The official report on the breach of 1.5 million patient records at SingHealth was released today and it offers a roadmap for what not to do.  The good news is that the breach was in Singapore.  The bad news is that it compromised the medical information of the Prime Minister along with 149,999,999 of his closest friends.

Use this checklist to see how prepared you are for a breach.  This is a very brief synopsis of the 400+ page report.

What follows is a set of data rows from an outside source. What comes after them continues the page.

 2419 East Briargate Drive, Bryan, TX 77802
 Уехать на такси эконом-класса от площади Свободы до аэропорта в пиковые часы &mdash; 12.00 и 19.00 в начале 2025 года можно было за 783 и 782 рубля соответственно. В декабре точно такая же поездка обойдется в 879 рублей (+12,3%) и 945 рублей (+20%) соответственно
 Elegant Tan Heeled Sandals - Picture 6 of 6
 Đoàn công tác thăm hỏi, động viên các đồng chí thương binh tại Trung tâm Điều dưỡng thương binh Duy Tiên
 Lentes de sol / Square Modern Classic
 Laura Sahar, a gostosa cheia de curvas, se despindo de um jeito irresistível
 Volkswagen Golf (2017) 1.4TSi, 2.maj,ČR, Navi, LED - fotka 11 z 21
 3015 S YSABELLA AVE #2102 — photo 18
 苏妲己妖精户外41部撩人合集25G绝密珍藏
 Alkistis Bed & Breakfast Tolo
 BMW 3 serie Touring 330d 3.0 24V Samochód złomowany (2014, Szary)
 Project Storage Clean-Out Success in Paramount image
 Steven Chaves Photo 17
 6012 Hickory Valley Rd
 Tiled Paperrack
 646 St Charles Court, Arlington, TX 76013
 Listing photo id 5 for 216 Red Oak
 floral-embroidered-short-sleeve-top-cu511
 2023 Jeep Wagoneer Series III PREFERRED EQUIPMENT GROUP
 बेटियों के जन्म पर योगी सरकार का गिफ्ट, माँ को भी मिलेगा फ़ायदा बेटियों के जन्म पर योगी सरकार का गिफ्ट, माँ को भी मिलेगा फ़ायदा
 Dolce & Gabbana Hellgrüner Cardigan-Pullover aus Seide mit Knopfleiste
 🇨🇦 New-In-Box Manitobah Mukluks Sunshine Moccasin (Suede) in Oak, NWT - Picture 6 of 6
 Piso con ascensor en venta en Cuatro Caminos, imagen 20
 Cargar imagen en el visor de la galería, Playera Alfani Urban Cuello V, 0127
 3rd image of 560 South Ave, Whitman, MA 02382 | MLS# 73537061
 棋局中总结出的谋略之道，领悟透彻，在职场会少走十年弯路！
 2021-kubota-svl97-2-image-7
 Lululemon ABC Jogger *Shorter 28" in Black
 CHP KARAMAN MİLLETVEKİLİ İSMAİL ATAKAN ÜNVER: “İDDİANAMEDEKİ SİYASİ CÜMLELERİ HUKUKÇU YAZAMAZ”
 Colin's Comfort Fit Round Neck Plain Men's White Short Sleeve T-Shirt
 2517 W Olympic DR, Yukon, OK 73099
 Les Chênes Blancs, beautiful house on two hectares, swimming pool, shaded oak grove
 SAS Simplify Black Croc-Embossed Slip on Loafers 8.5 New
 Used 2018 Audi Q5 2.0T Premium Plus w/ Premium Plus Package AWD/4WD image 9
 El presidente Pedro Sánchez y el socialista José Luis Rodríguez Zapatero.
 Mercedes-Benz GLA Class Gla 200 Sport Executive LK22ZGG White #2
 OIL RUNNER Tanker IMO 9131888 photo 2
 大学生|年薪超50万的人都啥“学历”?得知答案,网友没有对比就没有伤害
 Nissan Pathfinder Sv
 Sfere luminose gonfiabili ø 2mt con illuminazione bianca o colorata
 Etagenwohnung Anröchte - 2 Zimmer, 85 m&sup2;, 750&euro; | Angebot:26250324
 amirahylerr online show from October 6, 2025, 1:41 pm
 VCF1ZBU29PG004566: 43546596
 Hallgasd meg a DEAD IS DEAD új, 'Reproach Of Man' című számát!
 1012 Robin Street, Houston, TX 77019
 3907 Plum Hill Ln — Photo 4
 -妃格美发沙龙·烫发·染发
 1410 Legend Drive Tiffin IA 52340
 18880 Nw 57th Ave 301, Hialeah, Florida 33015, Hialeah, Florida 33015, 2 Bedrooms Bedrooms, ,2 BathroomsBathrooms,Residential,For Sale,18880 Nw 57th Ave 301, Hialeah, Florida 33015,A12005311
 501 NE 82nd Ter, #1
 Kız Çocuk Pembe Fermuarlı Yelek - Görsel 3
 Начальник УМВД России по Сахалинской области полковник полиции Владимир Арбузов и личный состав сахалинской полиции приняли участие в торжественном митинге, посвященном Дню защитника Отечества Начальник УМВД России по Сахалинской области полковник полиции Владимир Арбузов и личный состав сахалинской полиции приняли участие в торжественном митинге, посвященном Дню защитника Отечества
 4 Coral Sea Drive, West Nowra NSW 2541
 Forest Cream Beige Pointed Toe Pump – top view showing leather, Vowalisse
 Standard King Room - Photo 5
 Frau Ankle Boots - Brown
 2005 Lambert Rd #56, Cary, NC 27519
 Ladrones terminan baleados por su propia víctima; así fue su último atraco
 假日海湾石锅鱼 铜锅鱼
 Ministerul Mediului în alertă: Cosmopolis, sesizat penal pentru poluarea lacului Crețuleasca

  • The IT staff lacked adequate cybersecurity awareness, resources and training to properly respond to the attack.  These are your cyber first responders.  If they are not prepared for a fight, they will not only lose the battle, they will lose the war.
  • The did not take action when properly identified suspicious activity around database logins was seen.
  • They failed to categorize the attempts as a cyberattack.
  • They lacked an incident reporting framework.
  • Staff was unfamiliar with security policies including to which authorities the incident needed to be reported.
  • The attackers got in via a significant coding vulnerability and that vulnerability allowed them to make database queries.  Periodic (at least annual) expert penetration testing of BOTH the network and publicly facing applications helps detect this flaws.
  • The organization’s public facing Citrix servers were not sufficiently “hardened” against attack.  Hardening of ALL infrastructure – networks, databases, servers, firewalls, etc. is key to keeping bad people out.  This hardening needs to be formal, documented and enforced religiously.
  • Two factor authentication needs to be implemented and enforced without exception.  Apparently the SingHealth peops forgot about the enforcement part.  This is especially true for anyone with elevated permissions such as network administrators and also application administrators.  If you allow login options that do not require two factor, the bad guys will gravitate to that path.
  • Religiously respond to the results of the annual penetration tests and quarterly vulnerability assessments. Apparently the nice people at SingHealth botched the response and, in our experience, this is not unusual.  This needs to be a quarterly Board level report, the Board needs to understand the implications of not dealing with this and hold management responsible.  This is part of the Board’s fiduciary responsibility.
  • The report called for enhanced threat intelligence.  Without this the IT staff is in the dark about attacks that the organization faces.
  • Security needs to be seen as a risk management issue.  It is not an IT issue, but rather an enterprise wide management issue.
  • IT staff must be equipped with sufficient knowledge to recognize the signs of a security incident in a real world context.
  • An inventory of administrative accounts should be created to facilitate the rationalization of such accounts.  In English, this means they didn’t know who had administrative permissions and some people that did should not have.
  • Local administrator accounts must be centrally managed across the network.

How well did you do?

I recommend reviewing this, creating a short report on it and sharing it with your Board of Directors.  Then the BOARD needs to take action.

You will notice that I put a lot of responsibility on the Board of Directors.  This is appropriate as the Board is ultimately responsible for managing risk to the organization – not at the detailed level but at the resource level and at the priority level.

In this case, the breach wasn’t in the US, but look at the Equifax breach report and you will see many of the same issues.

This is definitely a pay me now or pay me later problem and the cost of waiting until later is significantly larger than dealing with it now.

While this was a healthcare breach, the issues go across all industries.